Nuclear facility (illustrative)
Nuclear facility (illustrative)Flash 90

Iranian and foreign nuclear experts gathered in Istanbul on Monday to discuss Tehran's controversial atomic program, a European Union spokeswoman said, according to AFP.

"The meeting is taking place at the expert-level as planned," said Maja Kocijancic, spokeswoman for EU foreign policy chief Catherine Ashton, who is leading talks between Iran and the so-called P5+1 -- Britain, China, France, Russia, the United States and Germany.

The closed-door meeting is being held in a secret location in the Turkish city, Kocijancic added.

Iran and the P5+1 resumed discussions over the decade-old dispute late February after a months-long break and failed meetings in Istanbul, Baghdad and Moscow.

The talks -- held in Kazakhstan -- saw the five UN Security Council members and Germany offer Iran a softening of non-oil or financial sector-related sanctions in exchange for concessions over Tehran's sensitive uranium enrichment operations.

The offer reportedly involves easing sanctions on Iran's gold and precious metals trade and lifting some very small banking operations.

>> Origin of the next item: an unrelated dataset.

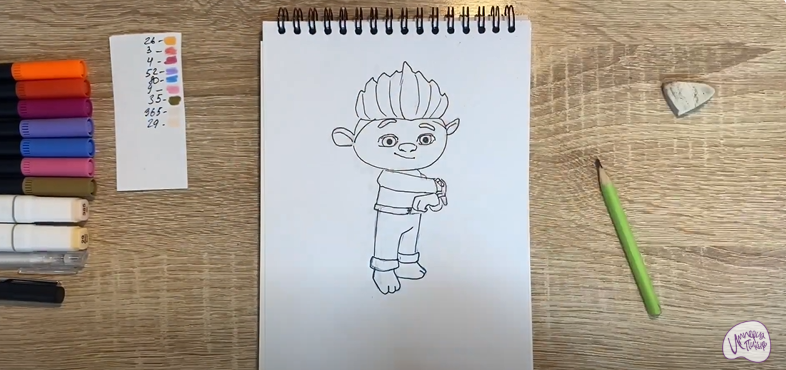 Рисуем Рей из "Монсики"
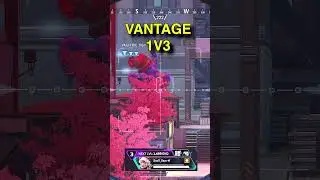 Vantage 1v3 Clutch (I Should Have Played Near My Teammates) #apexlegends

In return, it demands a tougher nuclear inspection regime and the interruption of enrichment operations at the Fordow bunker facility where 20-percent enrichment goes on.

The talks were praised by Tehran as a possible turning point in the dispute, and the next political-level meeting takes place in the Kazakh city of Almaty on April 5-6.

The West and Israel suspect Tehran is seeking to develop nuclear weapons under the guise of what the Islamic Republic insists is a purely civilian program with peaceful ends.

Last week, U.S. President Barack Obama said Iran was "over a year or so" from getting a nuclear bomb, warning that the military option remained on the table.

"We think that it would take over a year or so for Iran to actually develop a nuclear weapon, but obviously, we don't want to cut it too close," he said in an interview with Israel's Channel 2 television, ahead of his visit to Israel this week.

Should diplomacy fail, all options remained "on the table" for stopping Iran, he said.